WHAT THE TASK ASKS - Using the data below, output a verbatim copy of the lines between the one holding "支持140W快充的MagSafe3磁吸充电线，USB-C转MagSafe3充电线，适用于MacBook Pro Air" and the one holding "山(shan)東(dong)", inclusive, without any pictures.
*** SOURCE INFORMATION ***
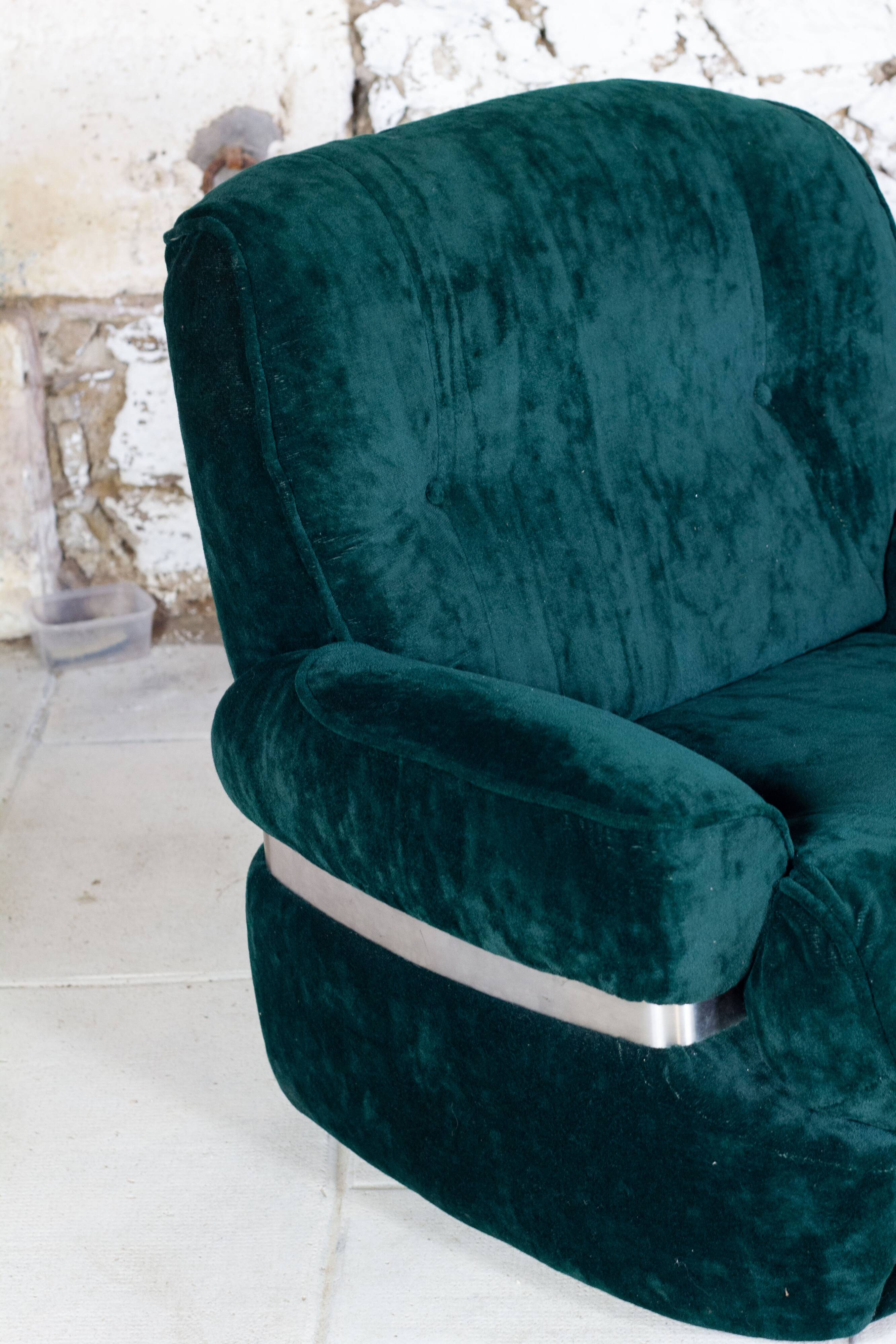 Green velvet armchair "spage age" by Beka, 1970
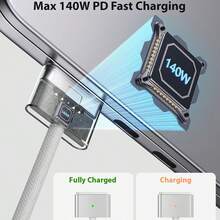 支持140W快充的MagSafe3磁吸充电线，USB-C转MagSafe3充电线，适用于MacBook Pro Air 14/16英寸 - 2米/6.6英尺 - 白色 - 查看 5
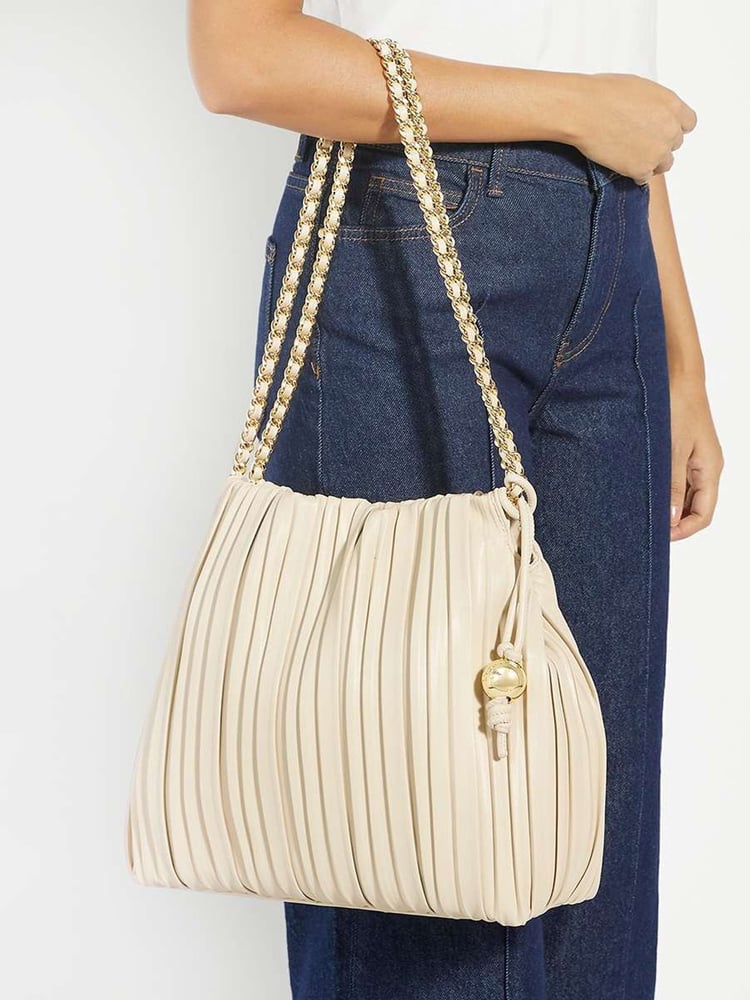 Dune London Cream Dominic Large Pleated Slouch Bag - Image 1 of 5 Dune London Cream Dominic Large Pleated Slouch Bag - Image 1 of 5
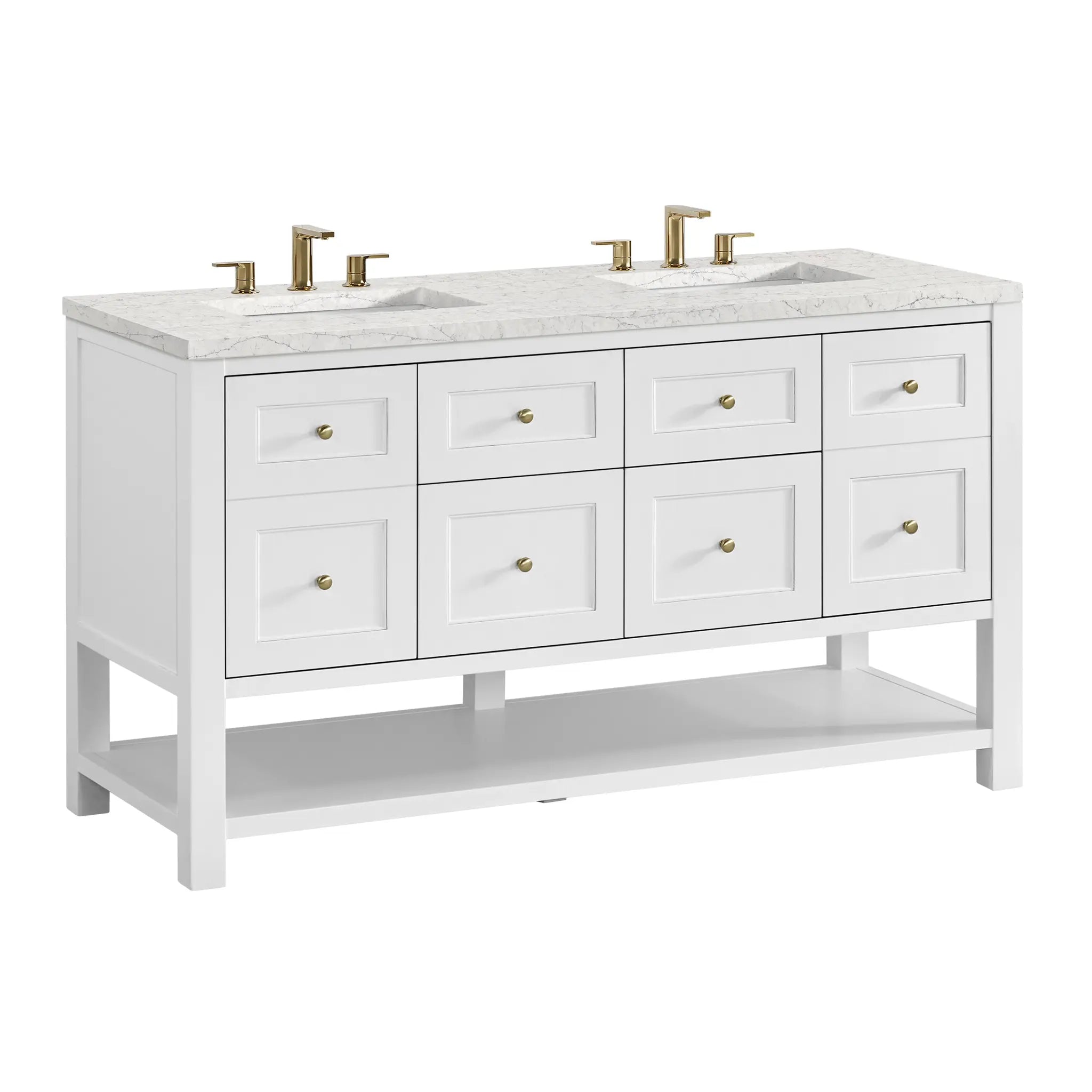 60 Breckenridge Double Vanity In Bright White Standard Eternal Jasmine Pearl Silestone 8 Widespread 10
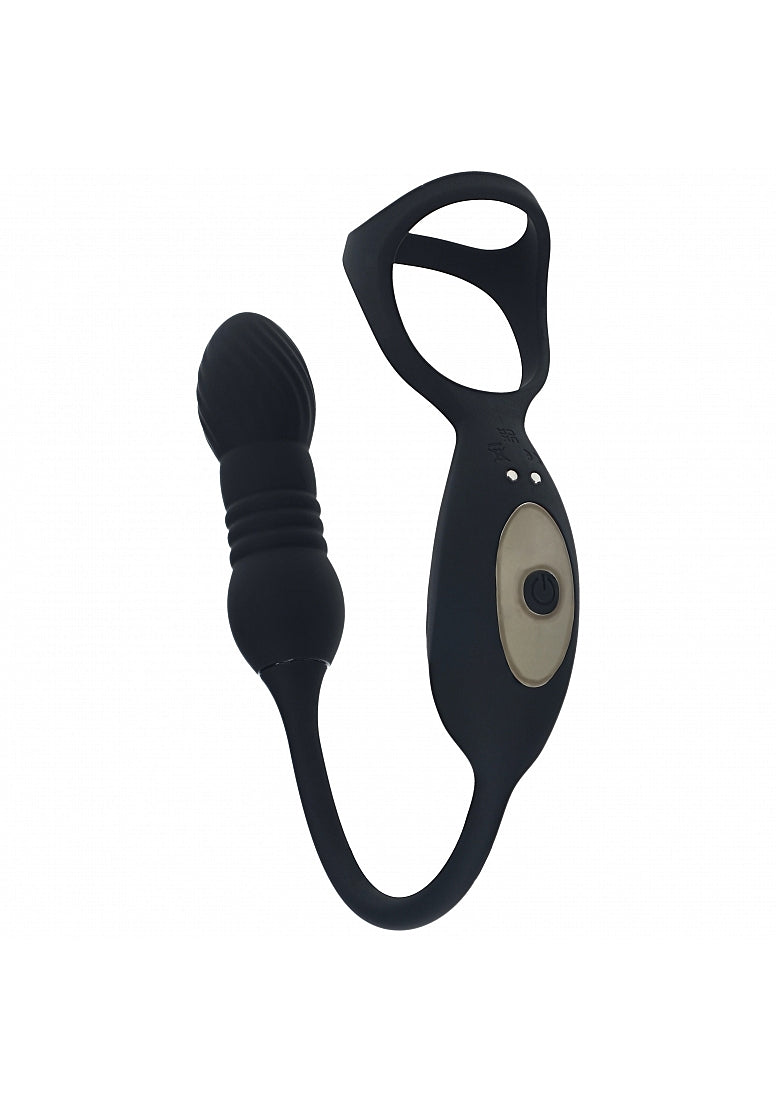 LEVELZ Vibrating TriO Cock Ring with P-Spot Stimulator - Black - Vibrating Cock Rings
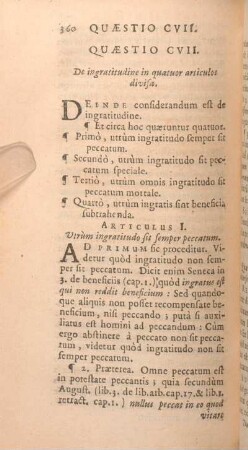 Quaestio CVII. D eingratitudine in quatuor articulos divisa.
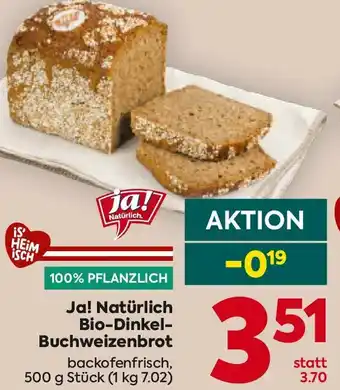 Billa Ja! Natürlich Bio-Dinkel-Buchweizenbrot Angebot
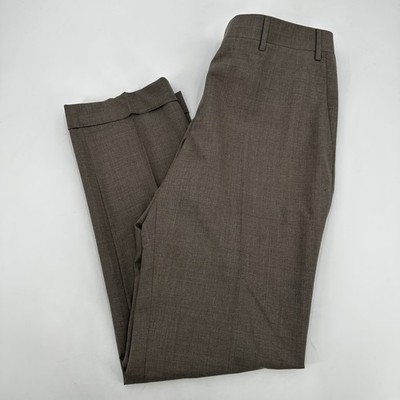 Canali Mens Tessuto Wool Blend Cuffed Dress Pants Taupe Brown Italian Luxury 34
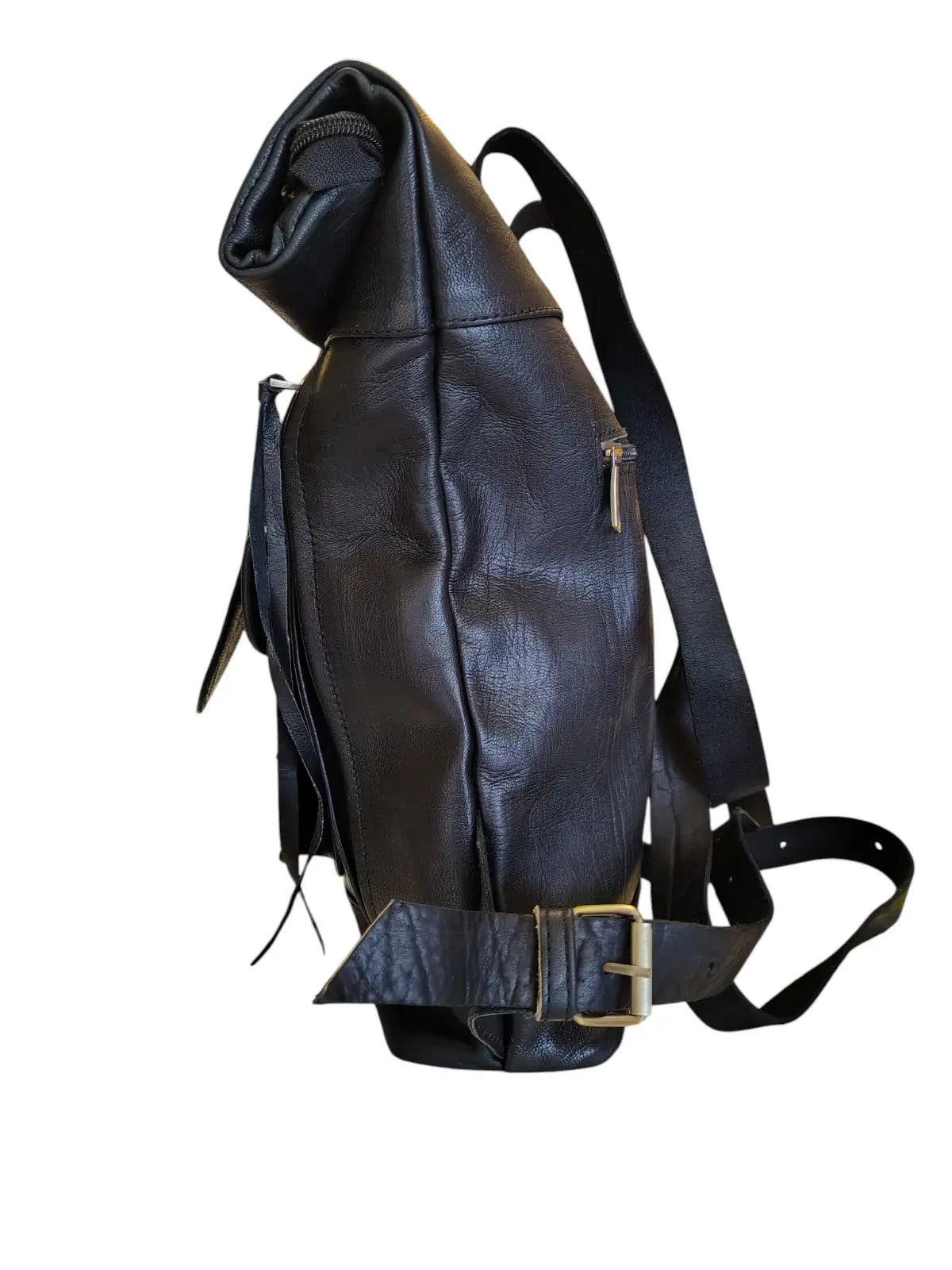 Mochila de cuero natural unisex color negro - Rashid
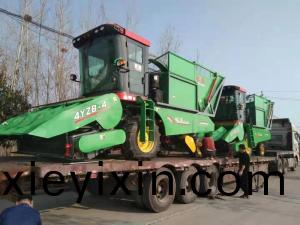 山(shan)東(dong)聊城(cheng)客戶(hu)訂購(gou)的(de)穗(sui)莖兼(jian)收玉米(mi)收(shou)穫(huo)機(ji)已髮(fa)貨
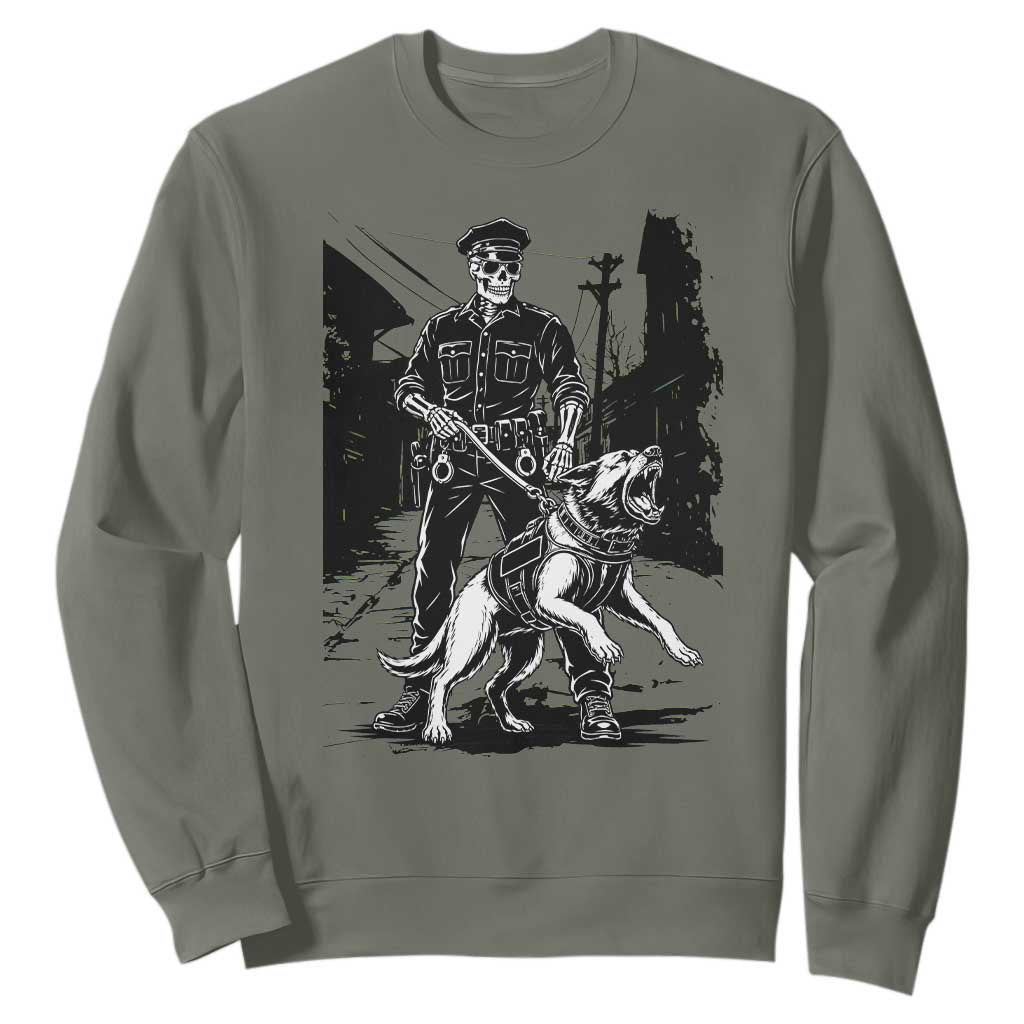 Skeleton Cop K9 German Shepherd Dog Sweatshirt Dark Alley Spooky Law Enforcement Gift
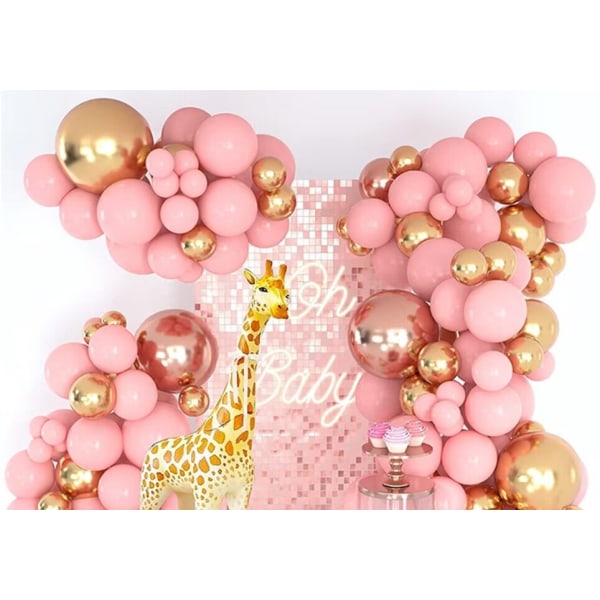 Pastel Rosa Balloner Kit Latex Festballoner Macaron Babyshower
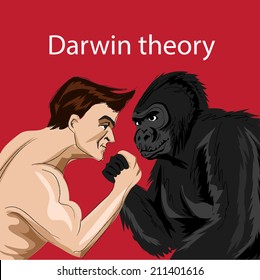 Darwin's theory. Man and monkey compete in armwrestling.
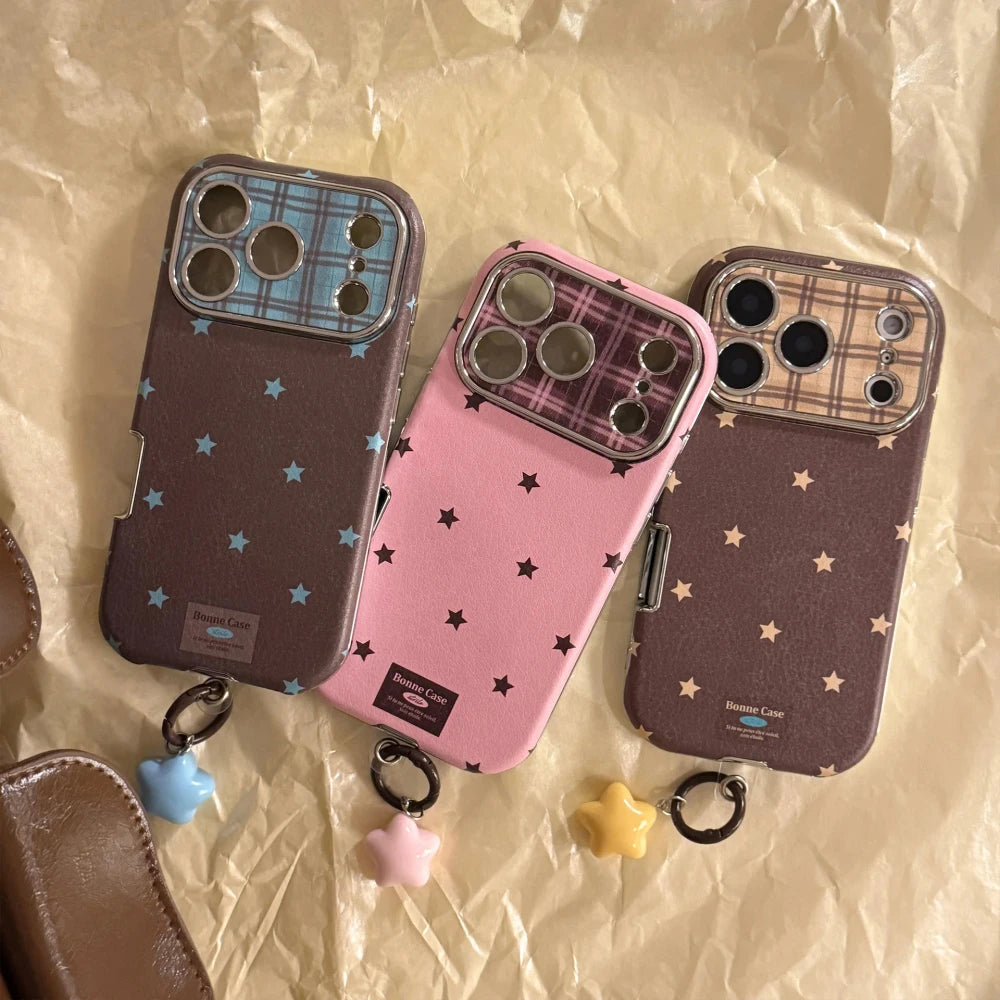 Retro Star Plating Leather Phone Case With Pendant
*** End of SOURCE INFORMATION ***
RESPONSE BELOW -
 支持140W快充的MagSafe3磁吸充电线，USB-C转MagSafe3充电线，适用于MacBook Pro Air 14/16英寸 - 2米/6.6英尺 - 白色 - 查看 5
 Dune London Cream Dominic Large Pleated Slouch Bag - Image 1 of 5 Dune London Cream Dominic Large Pleated Slouch Bag - Image 1 of 5
 60 Breckenridge Double Vanity In Bright White Standard Eternal Jasmine Pearl Silestone 8 Widespread 10
 LEVELZ Vibrating TriO Cock Ring with P-Spot Stimulator - Black - Vibrating Cock Rings
 Quaestio CVII. D eingratitudine in quatuor articulos divisa.
 Billa Ja! Natürlich Bio-Dinkel-Buchweizenbrot Angebot
 Canali Mens Tessuto Wool Blend Cuffed Dress Pants Taupe Brown Italian Luxury 34
 Mochila de cuero natural unisex color negro - Rashid
 山(shan)東(dong)聊城(cheng)客戶(hu)訂購(gou)的(de)穗(sui)莖兼(jian)收玉米(mi)收(shou)穫(huo)機(ji)已髮(fa)貨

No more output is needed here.